While most of the above are still in early development, they bring opportunities for lower energy requirements, faster cycle times, and the potential for built-in, permanent CO₂ storage.

The emergence of DAC 2.0

Fortunately, DAC 2.0 isn’t some distant dream — we’re starting to see these features trickle into new DAC designs today. Heirloom, which launched out of the Carbon180 EIR Fellowship, is a bellwether of the potential ahead. In April 2021, the startup announced a new approach to direct air capture that fulfills all three criteria of DAC 2.0, by…

✅ Optimizing for passive air contact

✅ Using a highly modular design that relies on off-the-shelf components

✅ Utilizing naturally available carbonate materials to absorb CO₂, which costs <1% of the chemical sorbents in most current DAC technology.

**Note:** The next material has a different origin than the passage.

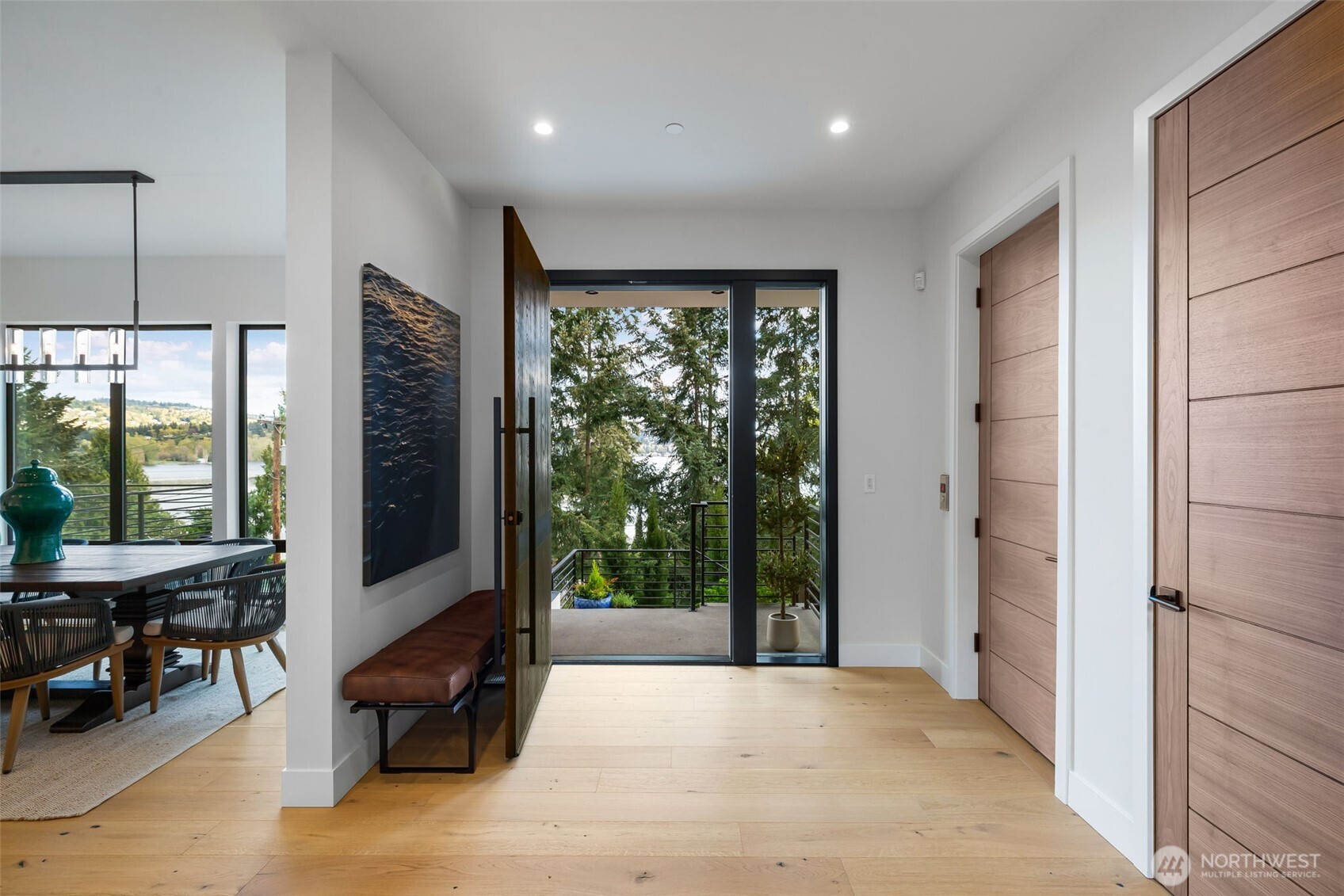 9818 SE 42nd Place , Mercer Island, WA 98040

As a result, the company has a credible plan to remove billions of tons of carbon at <$100/ton by the mid-2030s — an incredible leap forward from our current DAC capacity, unlocked by embracing the full suite of features that define DAC 2.0.

How we ramp up DAC 2.0 — on the Hill

For DAC to reach its full potential and achieve gigaton scale, we need smart policy design that creates an environment conducive to new approaches — and ramped-up demand for massive carbon removal purchases. That largely hinges on two levers: expanded corporate purchases and direct federal procurement.

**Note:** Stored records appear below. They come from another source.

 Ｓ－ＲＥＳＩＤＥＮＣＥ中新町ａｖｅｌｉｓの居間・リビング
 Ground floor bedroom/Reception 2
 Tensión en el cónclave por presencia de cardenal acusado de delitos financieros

It’s clear that DAC innovation has surpassed the original vision of the technology. As it stands, minimum capture thresholds prevent new DAC companies from immediately leveraging current incentives like 45Q — stifling new innovations and players from competing in the field. Future federal projects, like the proposed regional DAC hubs, must be designed to accommodate a diversity of technical approaches. Only by recognizing DAC in all its potential forms and intermediaries can we maximize the opportunity for direct air capture to be a viable tool in the fight against climate change.

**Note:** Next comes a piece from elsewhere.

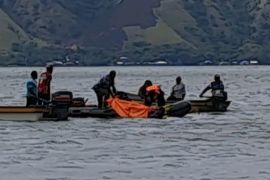 Tim SAR temukan korban tersambar petir saat mancing di Danau Sentani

Meanwhile, direct federal purchases of carbon can expand removal capacity, bring the technology down the cost curve, and maximize the impact of DAC. The government wields the power to set industry standards that both aid innovation and center environmental and labor protections crucial for community buy-in. Policymakers have the unique opportunity to empower entrepreneurs to build the technology needed to fight climate change, while also creating an industry focused on tangible impacts and benefiting communities.